> **Data extract**:
------

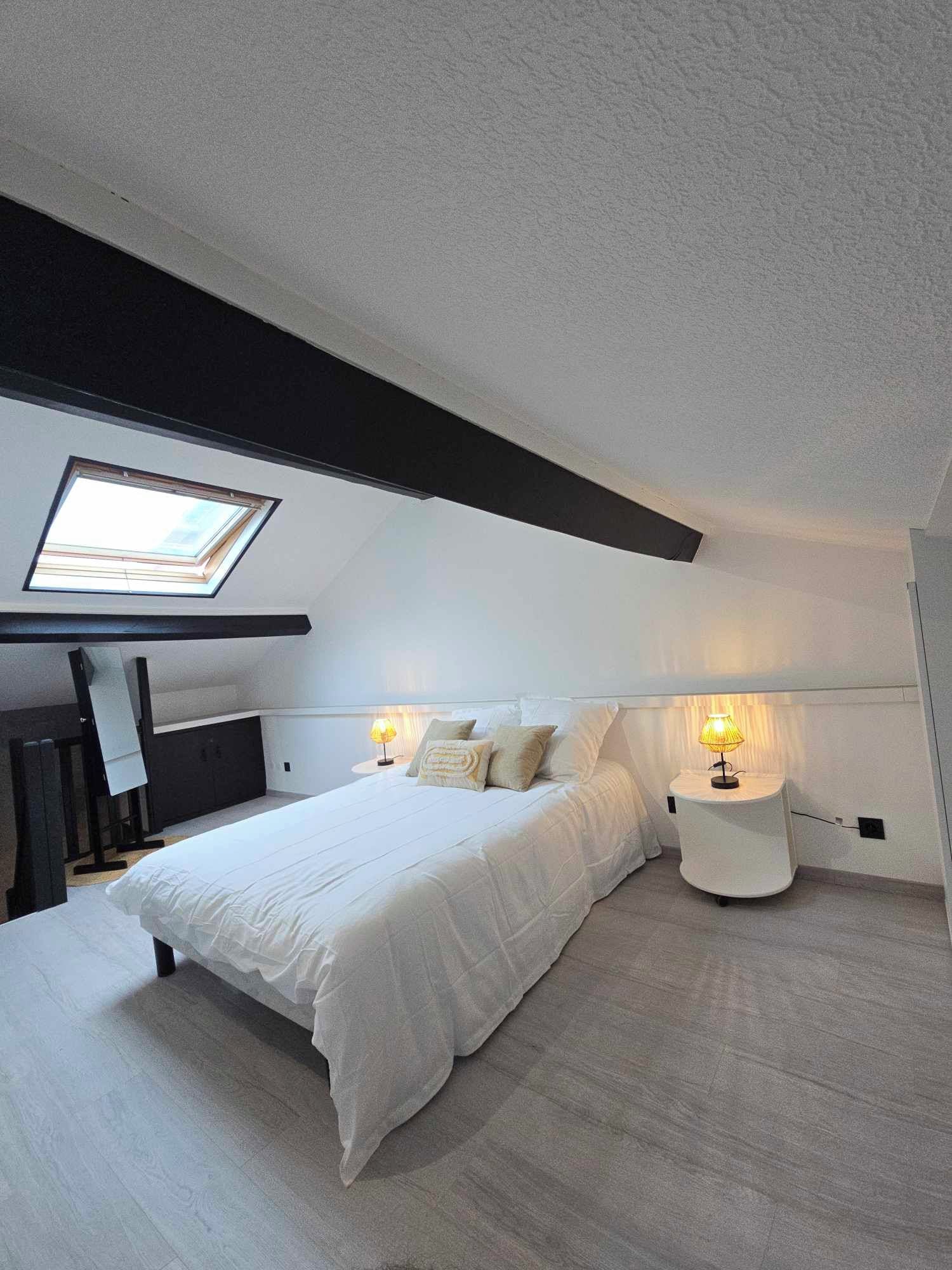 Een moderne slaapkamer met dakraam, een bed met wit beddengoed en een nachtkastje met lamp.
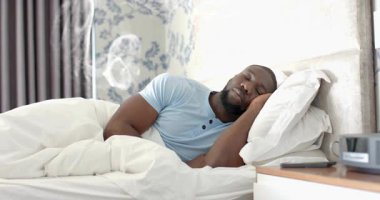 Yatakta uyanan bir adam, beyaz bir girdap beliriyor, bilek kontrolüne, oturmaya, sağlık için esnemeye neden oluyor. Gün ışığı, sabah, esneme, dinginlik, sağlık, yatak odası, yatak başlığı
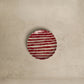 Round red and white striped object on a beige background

------

> **Assigned task**: Only the lines from the one with "Yatakta uyanan bir" through the final line of the data should be written out, exactly and including both ends. Skip the pictures.

> **Answer space**:
 Yatakta uyanan bir adam, beyaz bir girdap beliriyor, bilek kontrolüne, oturmaya, sağlık için esnemeye neden oluyor. Gün ışığı, sabah, esneme, dinginlik, sağlık, yatak odası, yatak başlığı
 Round red and white striped object on a beige background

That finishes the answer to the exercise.